For the next week or two, I adapted to village life, or at least as much of it as I could, being “handicapped” as I was. Rue grew quickly until her shoulder easily brushed my knees, growing rapidly with the steady supply of food and exercise. She listened readily to me, and tolerated Impa, but didn’t like many others, though she understood that yes, my friends were allowed to come into my presence. Really.

To me, playing the harp was somehow easier than the ocarina, despite its complexity in comparison. I loved the feel of it in my hands, the sounds it could make, the contours of its golden-yellow frame…it was definitely worth the constant brushing of my burns. Impa was impressed with my progress with the instrument. She told me that when I went to go see Kaepora again, I was to take it with me.

Creen, Ralt, and Soun came and visited me every day. When they found out that I was learning to play harp, they insisted in what Impa insisted was a sibling-like way that I play for them anything new I learned, and I always did, even if they teased me afterward on occasion.

I still dreamed often, but the dreams grew more and more mundane. I dreamed of days at court, and then nights watching fairies flit about in a grassy forest I could only assume belonged to the Kokiri and their Deku Tree. I dreamed that the Deku Tree died. I dreamed of lessons with Hylian, Goron and Zora tutors, learning mannerisms and language of peoples that I wasn’t likely to see under my father’s strict protection, and then in the next instant I was playing a chipper tune for the biggest, grisliest goron I had ever seen, and he was dancing to it. As I dreamed, I lived two lives—the life of the girl I had been, and the life of the one who could save that girl.

“Sheik, get up!”

I rolled and landed on my feet on the wood floor. A quick change from the slow-waker I had been, one would think, except that just the day before I had been too slow and had gotten ice from the cold room slid down my shirt and breeches.
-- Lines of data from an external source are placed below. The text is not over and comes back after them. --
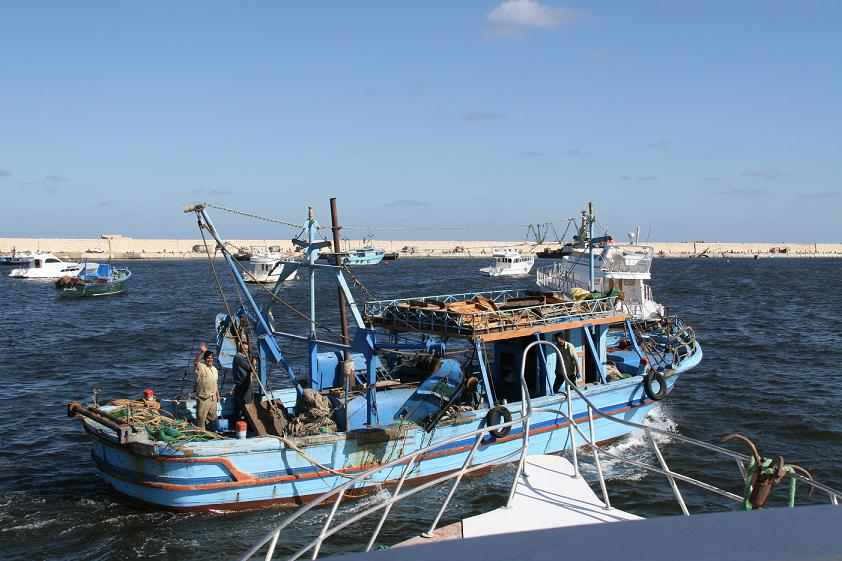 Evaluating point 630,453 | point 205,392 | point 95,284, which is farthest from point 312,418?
point 95,284

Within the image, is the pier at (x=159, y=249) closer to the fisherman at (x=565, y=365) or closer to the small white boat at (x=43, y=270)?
the small white boat at (x=43, y=270)

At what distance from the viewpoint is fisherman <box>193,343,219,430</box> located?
15859 mm

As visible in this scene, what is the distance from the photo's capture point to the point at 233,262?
1948 cm

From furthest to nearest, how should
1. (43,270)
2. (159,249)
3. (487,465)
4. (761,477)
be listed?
(159,249), (43,270), (487,465), (761,477)

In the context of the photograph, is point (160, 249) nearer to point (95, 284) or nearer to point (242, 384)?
point (95, 284)

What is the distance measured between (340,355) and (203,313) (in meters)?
34.2

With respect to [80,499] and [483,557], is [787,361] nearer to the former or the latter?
[80,499]

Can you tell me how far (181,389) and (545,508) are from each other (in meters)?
13.4

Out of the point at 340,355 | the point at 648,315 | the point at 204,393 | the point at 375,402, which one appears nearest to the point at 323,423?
the point at 375,402

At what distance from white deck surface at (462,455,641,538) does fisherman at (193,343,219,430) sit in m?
8.79

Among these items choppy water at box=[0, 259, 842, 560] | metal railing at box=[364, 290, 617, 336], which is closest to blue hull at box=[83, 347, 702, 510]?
choppy water at box=[0, 259, 842, 560]

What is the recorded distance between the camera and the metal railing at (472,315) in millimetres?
16469

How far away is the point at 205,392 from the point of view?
15938 millimetres

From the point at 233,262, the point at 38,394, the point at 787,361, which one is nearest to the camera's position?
the point at 233,262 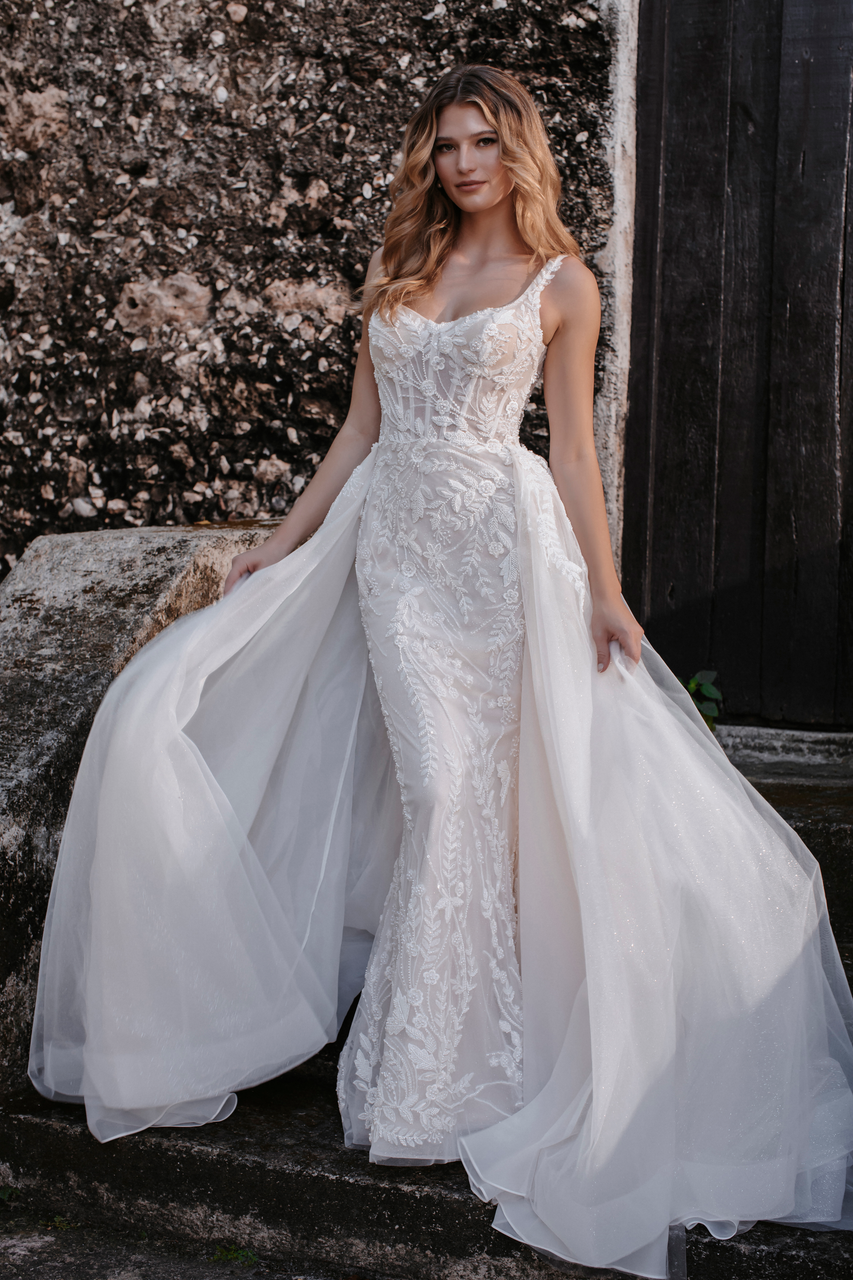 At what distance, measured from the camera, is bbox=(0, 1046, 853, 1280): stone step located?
1.63 metres

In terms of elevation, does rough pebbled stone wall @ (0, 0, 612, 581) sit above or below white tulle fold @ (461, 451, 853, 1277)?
above

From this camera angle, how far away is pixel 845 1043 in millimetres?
1923

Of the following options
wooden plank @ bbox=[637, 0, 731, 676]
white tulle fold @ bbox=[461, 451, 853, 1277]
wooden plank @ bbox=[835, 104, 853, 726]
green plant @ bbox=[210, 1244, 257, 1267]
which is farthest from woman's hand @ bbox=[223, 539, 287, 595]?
wooden plank @ bbox=[835, 104, 853, 726]

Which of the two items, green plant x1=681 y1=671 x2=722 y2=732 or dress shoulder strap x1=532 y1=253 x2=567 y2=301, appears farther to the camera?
green plant x1=681 y1=671 x2=722 y2=732

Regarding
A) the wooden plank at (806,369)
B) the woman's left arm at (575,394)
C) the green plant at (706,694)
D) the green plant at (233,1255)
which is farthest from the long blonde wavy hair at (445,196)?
the green plant at (233,1255)

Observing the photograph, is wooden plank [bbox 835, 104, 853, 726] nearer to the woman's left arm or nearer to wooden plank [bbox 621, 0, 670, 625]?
wooden plank [bbox 621, 0, 670, 625]

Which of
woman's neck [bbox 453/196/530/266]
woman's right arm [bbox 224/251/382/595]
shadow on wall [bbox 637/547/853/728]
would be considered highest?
woman's neck [bbox 453/196/530/266]

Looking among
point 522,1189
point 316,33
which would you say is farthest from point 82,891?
point 316,33

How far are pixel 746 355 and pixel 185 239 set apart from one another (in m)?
1.81

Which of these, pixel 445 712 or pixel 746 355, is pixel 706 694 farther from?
pixel 445 712

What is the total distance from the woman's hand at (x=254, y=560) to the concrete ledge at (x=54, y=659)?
0.24 meters

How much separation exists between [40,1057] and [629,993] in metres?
1.17

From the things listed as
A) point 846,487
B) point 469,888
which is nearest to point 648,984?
point 469,888

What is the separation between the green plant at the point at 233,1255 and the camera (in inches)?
71.7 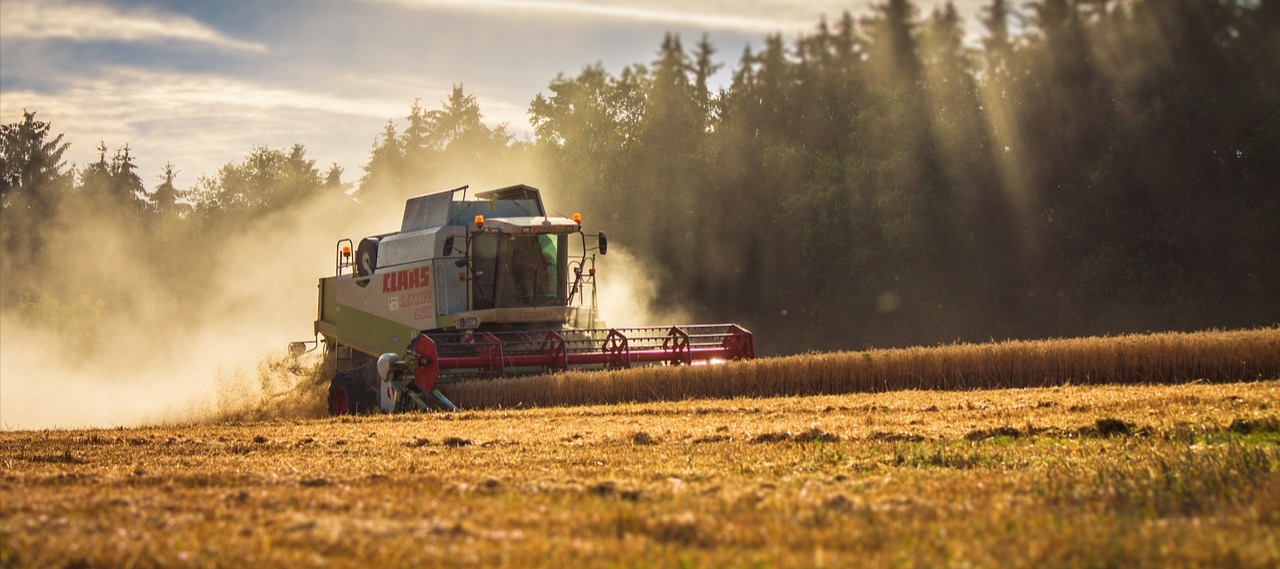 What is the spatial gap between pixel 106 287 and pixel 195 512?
195ft

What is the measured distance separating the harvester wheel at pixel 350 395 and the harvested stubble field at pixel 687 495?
278 inches

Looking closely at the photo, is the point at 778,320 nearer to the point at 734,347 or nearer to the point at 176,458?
the point at 734,347

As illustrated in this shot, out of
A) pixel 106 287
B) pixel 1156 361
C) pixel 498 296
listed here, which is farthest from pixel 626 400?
pixel 106 287

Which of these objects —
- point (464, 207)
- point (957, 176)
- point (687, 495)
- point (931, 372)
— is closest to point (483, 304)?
point (464, 207)

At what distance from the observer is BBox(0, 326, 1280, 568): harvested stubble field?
4.84 m

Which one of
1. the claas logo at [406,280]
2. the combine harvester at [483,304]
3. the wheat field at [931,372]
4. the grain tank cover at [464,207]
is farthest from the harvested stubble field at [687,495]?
the grain tank cover at [464,207]

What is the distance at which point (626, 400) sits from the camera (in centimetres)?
1745

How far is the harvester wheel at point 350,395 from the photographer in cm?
1925

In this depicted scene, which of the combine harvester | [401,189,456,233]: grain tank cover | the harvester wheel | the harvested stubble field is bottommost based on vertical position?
the harvested stubble field

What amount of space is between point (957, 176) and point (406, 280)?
2326 centimetres

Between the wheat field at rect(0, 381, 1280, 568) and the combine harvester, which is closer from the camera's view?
the wheat field at rect(0, 381, 1280, 568)

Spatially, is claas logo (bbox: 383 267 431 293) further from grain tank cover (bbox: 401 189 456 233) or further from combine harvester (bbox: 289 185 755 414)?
grain tank cover (bbox: 401 189 456 233)

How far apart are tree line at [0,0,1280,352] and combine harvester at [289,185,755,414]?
16845 mm

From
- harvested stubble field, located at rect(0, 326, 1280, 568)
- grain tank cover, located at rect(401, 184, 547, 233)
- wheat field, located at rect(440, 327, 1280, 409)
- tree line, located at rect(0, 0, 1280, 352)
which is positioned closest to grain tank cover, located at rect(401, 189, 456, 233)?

Rue rolled to her back right to the spot where my body had been. She looked the image of bliss, her forelegs in the air like a pair of fuzzy sickles, and her nose stretched as far back as it could get without snapping her own neck. Grinning, I left her to her rest.

Impa came over and helped me wrap the bandages around myself—something I should learn to do myself, she now informed me. I nodded as usual.

“You have your magic tutor today,” she told me, fixing any error I managed to make in my wrappings.

“Okay.”

“Be respectful.”

“Okay.”

“Try hard.”

“Okay.”

“Don’t burn her house down.”

I grinned again, though more sheepishly this time. “Okay,” I laughed. I looked forward to magic tutorial—with it, I was certain that no more problems like the kitchen incident would be likely to happen again. Besides, I wanted to know how to do more than leave a memory of myself in an object. I doubt Impa knew I had put a spell on the Ocarina of Time, but there had been no error. Link had gone to the Temple of Time. Message relayed. Spell faded.

If only a flawless spell meant no consequences. I just wished that, along with being allowed to move around the village again, I would be able to visit the gossip stones again. I wanted to check on things again. Wanted to make sure that Link was…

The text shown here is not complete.